Security Medium 1 – WPA WiFi Encryption Develops KRACKs

This week started with a big security news announcement (responsibly disclosed, which is nice). Security researchers at the Belgian university KU Leuven revealed a collection of related attacks against the WPA2 protocol (WiFi Protected Access version 2). The problem at the root of these attacks was not related to any specific implementation of the spec, but with the spec itself, so every manufacturer who implemented the spec correctly would have introduced these vulnerabilities into their WiFi drivers.

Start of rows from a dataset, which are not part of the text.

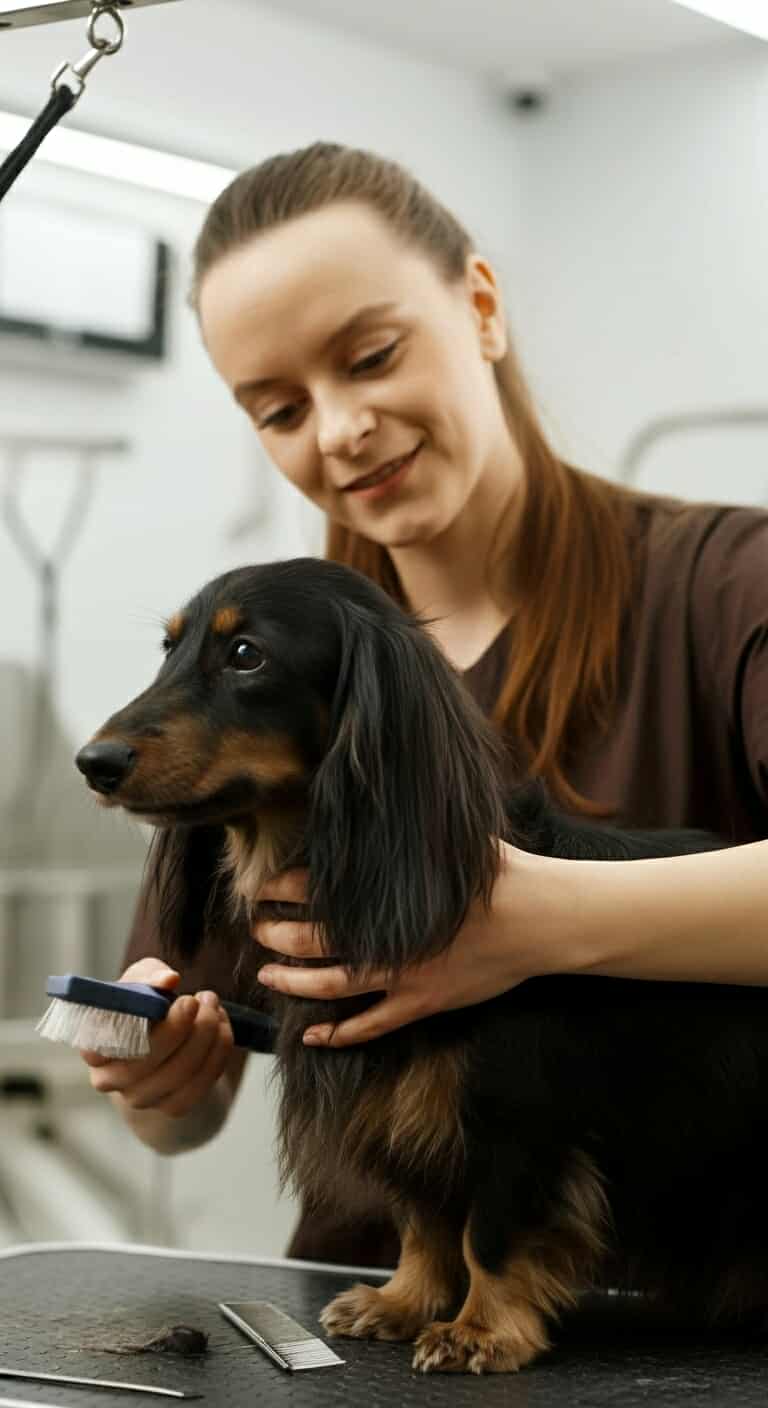 Marlena - certyfikowany groomer podczas profesjonalnej pielęgnacji psa w salonie Lok&Dog Rzeszów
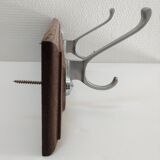 Patinated solid oak coat rack and vintage aluminum hooks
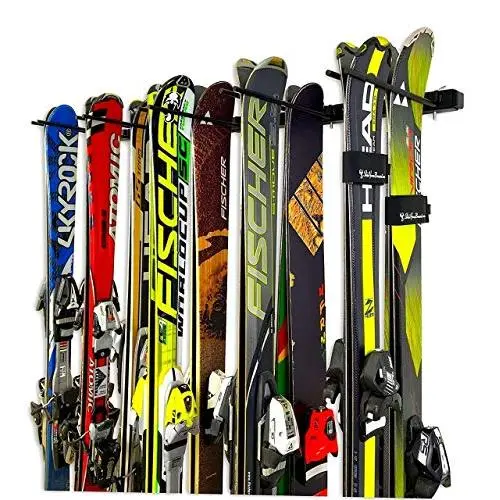 StoreYourBoard Omni Ski and Snowboard Wall Storage Rack, Holds 10 Pairs, Ski Wall Mount, Home and Garage Storage Hanger
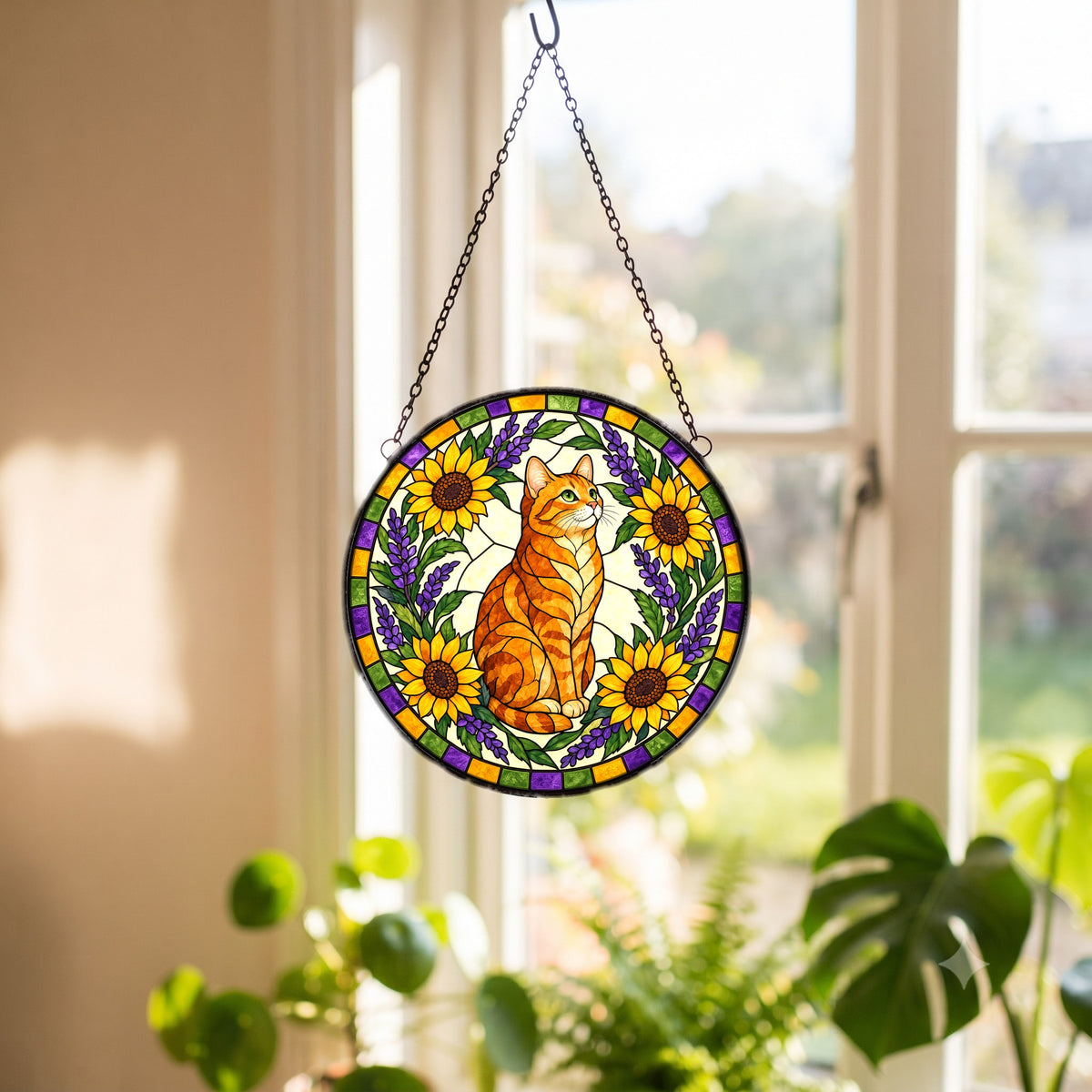 Sunlit Garden Tabby Suncatcher, Glass Cat Window Hanging Ornament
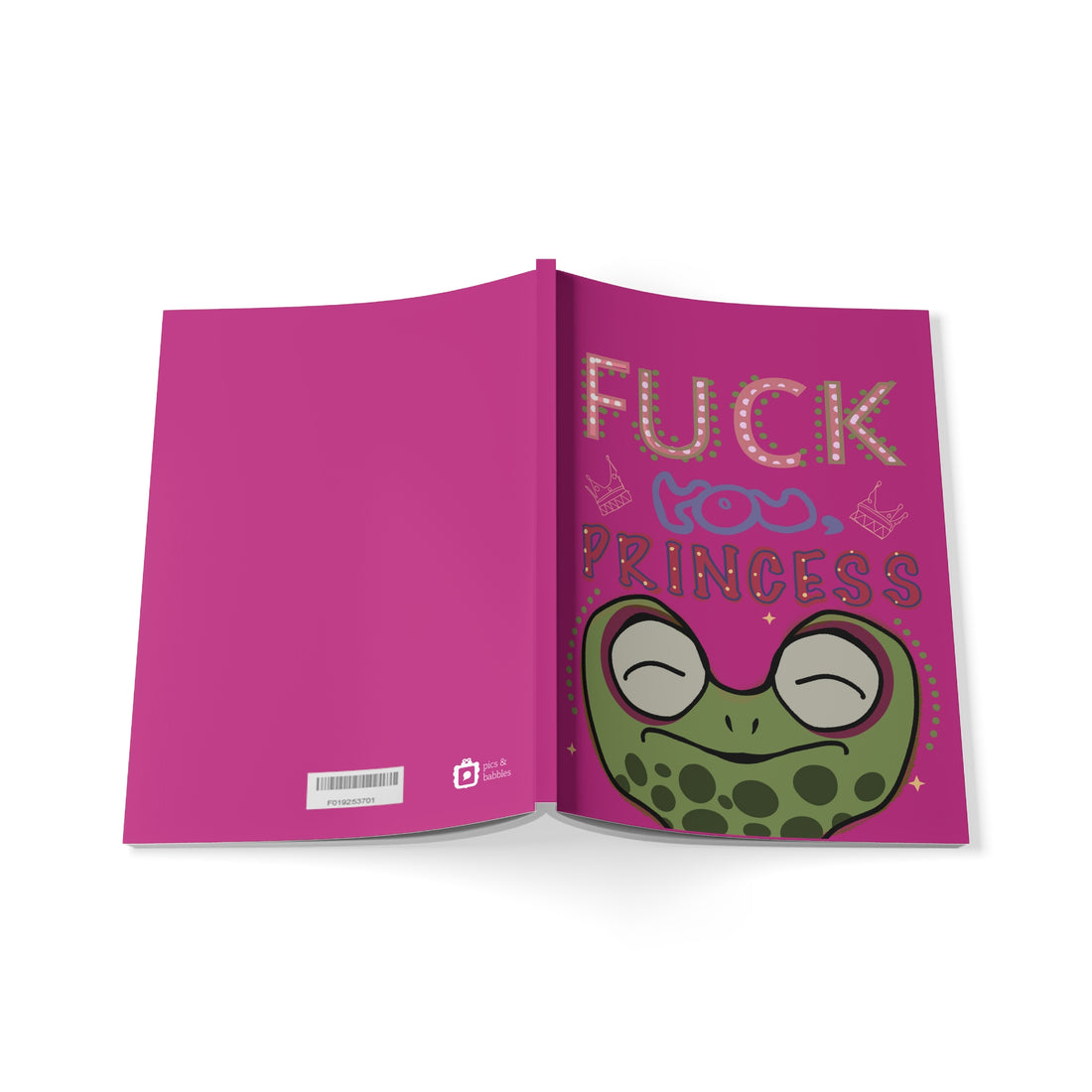 Sassy Frog Notebook, A5 pink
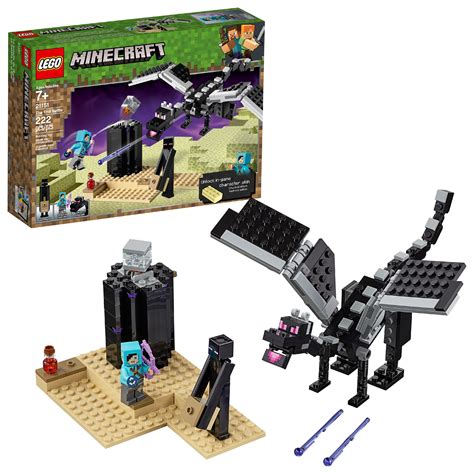Lego Minecraft The End Battle 21151 Ender Dragon Building Kit Walmart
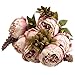 KINGSO Artificial Peony Silk Flowers Bouquet Home Wedding Decoration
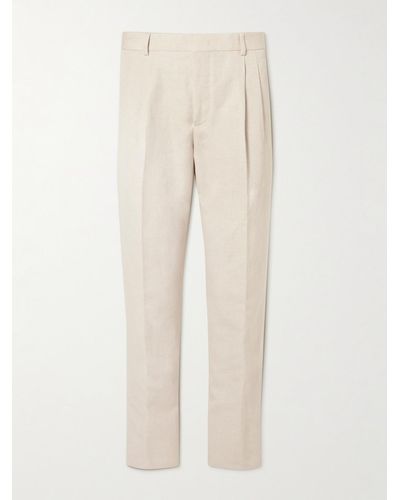 Loro Piana Straight-leg Pleated Cotton And Linen-blend Pants - Natural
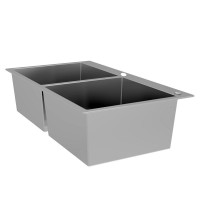 100% Original Compact Kitchen Sink - MEJE 780×430 MM Stainless Steel Kitchen Sink Double Bowl Sink with Basket Strainer white – Meje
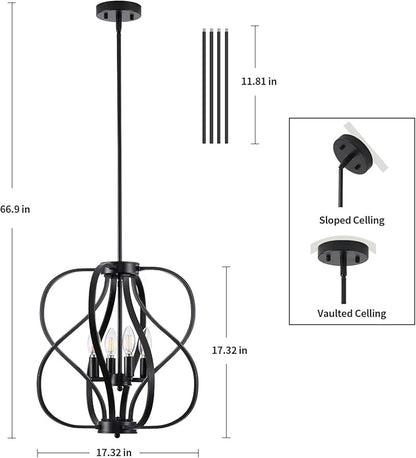 Black Chandelier 4 Light Industrial Dining Room Light Fixture 18'' Modern Farmhouse Contemporary Chandelier Hanging Pendant Light Fixture Entryway Chandelier for Foyer,Kitchen,Living Room,Bedroom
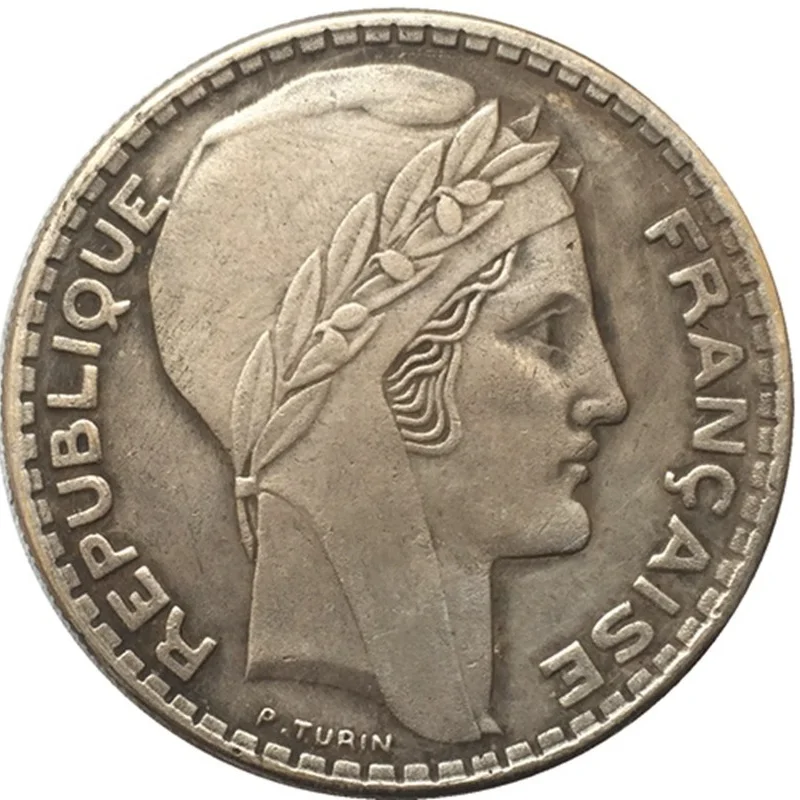 

Франция 1936,1937,1939, 20 Франк, латунная Посеребренная памятная Коллекционная монета, подарок, удачная монета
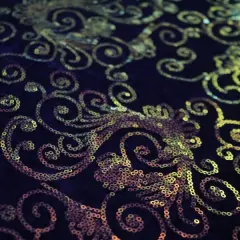 Aria Stretch Velvet Sequin Fabric Royal/Pearl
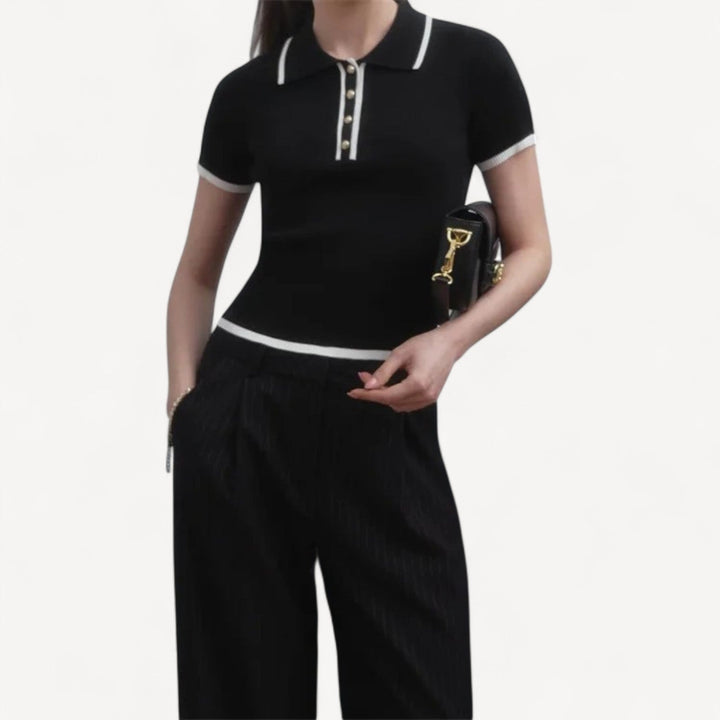Ribbed Knit Polo Shirt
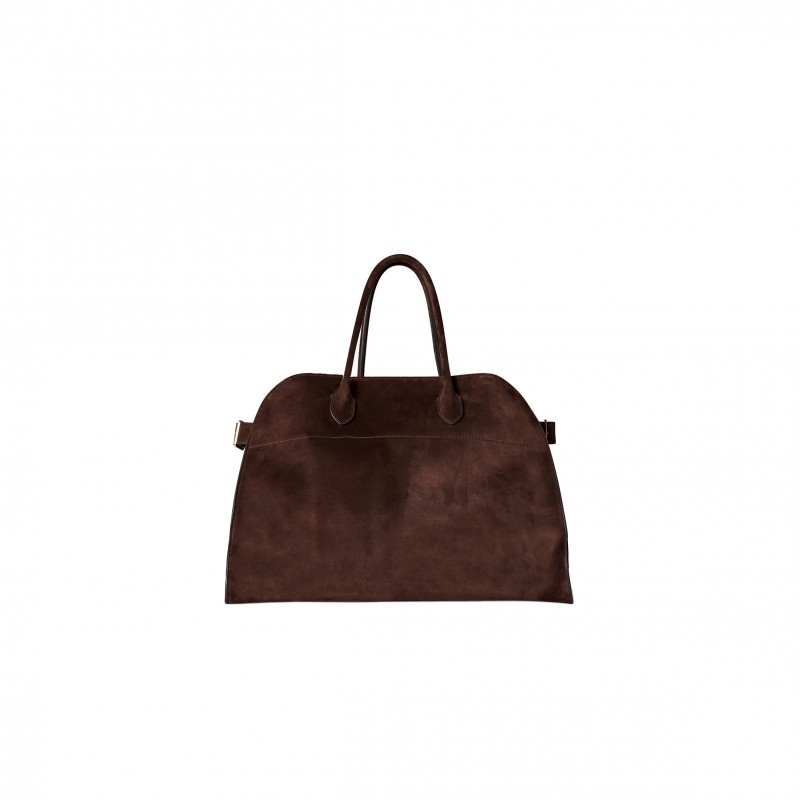 THE ROW SOFT MARGAUX 15 BAG IN SUEDE MOCHA W1255L25MOSHG (38*28*23cm)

Because you have to give a bug a fancy name to get any media attention these days, it was given the somewhat strained pseudo-acronym KRACKs, from key reinstallation attacks.

We’re not going to go into the technical minutia here, but I have included links to some good explanations below. I do want to give a high-level overview of the problem though.

The first technical point to note is that WPA2 doesn’t use your actual wireless network password to encrypt your wifi traffic. Your WiFi password (AKA your pre-shared key, or PSK) is only used to authenticate you to the access point (and it’s only of the authentication mechanisms supported by WPA) – once the access point has determined that you should be allowed to join the network it negotiates a short-lived device-specific encryption key with your device. This negotiation is known as the WPA 4-way handshake, and the problem discovered is in step three of that negotiation. This means that it affects both variants of WPA2 – the kind used in home routers (WPA-Personal AKA WPA-PSK), and the kind used in larger organisations (WPA-Enterprise) where users authenticate to wifi using some kind of centralised user account (often from AD). It also means that what gets exposed is not your actual WiFi password, but, the temporary encryption key. So, attackers do get to decrypt all the packets flowing between your device and your wireless access point, but they don’t get your WiFi password.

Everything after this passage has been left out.